Dinge, die es gar nicht gibt: Virtuelle Realität

by | Sep 19, 2012 | Wort & Freiheit | 0 comments

Abseits aller philosophischen Fragen um das, was Realität ist, wollen wir uns darauf verständigen, dass in diesem Falle real ist, was existiert, was also den Naturgesetzen unterliegt und aus Teilchen besteht.
Das ist deshalb nötig, weil es Menschen gibt, die glauben, es gäbe außerhalb diese Realität eine zweite: Die Virtuelle. Das gehört zu den großen Irrtümern, wie z.B. dass das Weltall unendlich sei, die Atomkraft sicher oder der Kapitalismus reformierbar.

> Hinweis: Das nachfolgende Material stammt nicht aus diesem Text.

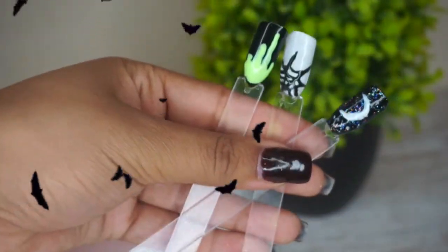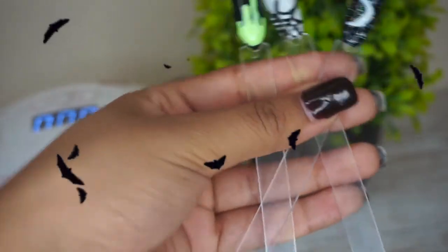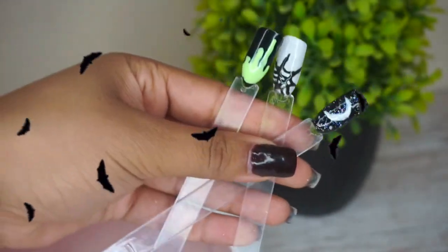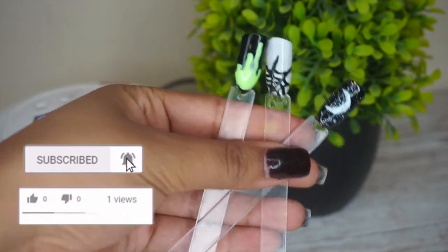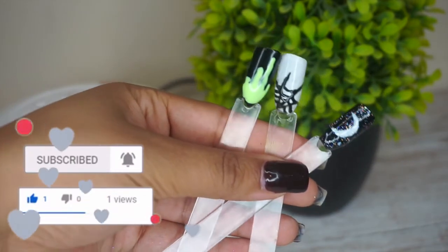So I hope you guys enjoyed watching me do this little cool Halloween nail art. If you want to see more from me, give this video a like, also hit the subscribe button, and I'll see you for a brand new video next week Sunday. See you next time, bye!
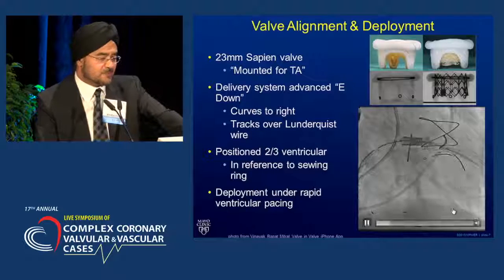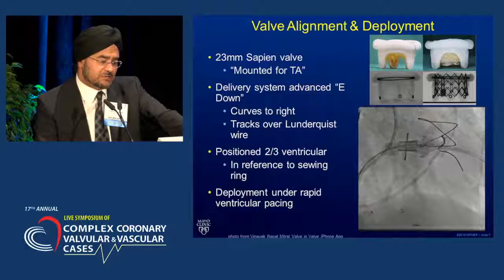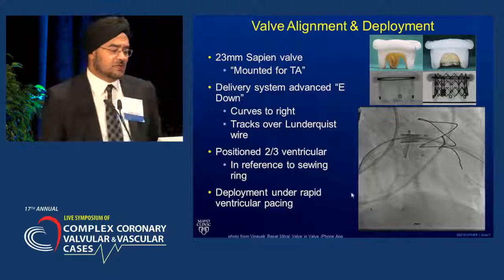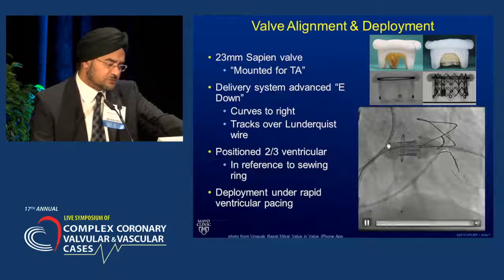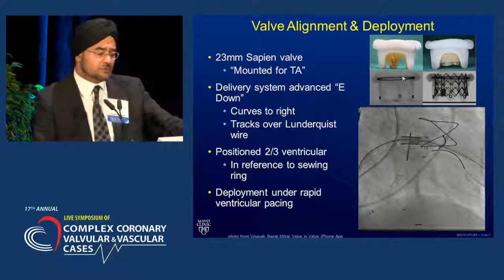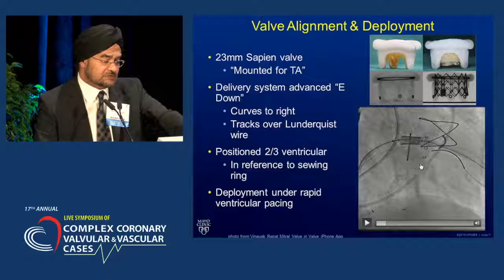This is transfemoral, transvenous — there's no apical stick. What we're doing here is putting an Edwards Sapien valve into the Hancock II. The Hancock is a 27-millimeter, and the internal diameter as we measured it was about 22 millimeters, so we felt a 23-millimeter Sapien would fit really nicely. Before somebody starts to do these interventions, you really have to understand the construction of these valves and the measurements. We take pains to get valves, handle them, look at them, talk to surgical colleagues, and bench test various valves inside them.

Die virtuelle Realität ist die normale Realität. Es gibt ja auch keine besondere Realität wenn man Zeitungen liest oder Bücher. Wobei man bei Zeitungen jedoch konstatieren muss, dass ihr als Wirklichkeit ausgegebener Inhalt nicht immer auch mit dem korrespondiert, was ist, sondern häufig mit dem, was sein soll – wenn es nach den Inhabern der Zeitungen geht. Bei Büchern handelt es sich bei Abweichungen entweder um schöngeistige Literatur oder um alberne Sachbücher. Es gibt Sachbücher für Geisterbeschwörungen oder Körperpflege bei Vollmond, ich vermute, sie gehören dann doch eher zu den Romanen. Wie dem auch sei: Eine virtuelle Realität gibt es nicht. Das „Netz“ ist das Ergebnis von Arbeit. Menschen haben Computersprachen erfunden, Leitungen gelegt, Sendestationen aufgestellt, Router zusammengeschraubt, Webseiten erstellt, Eingaben gemacht, sich lustige Avatare ausgedacht und merkwürdige Nicknames: Alles ganz real.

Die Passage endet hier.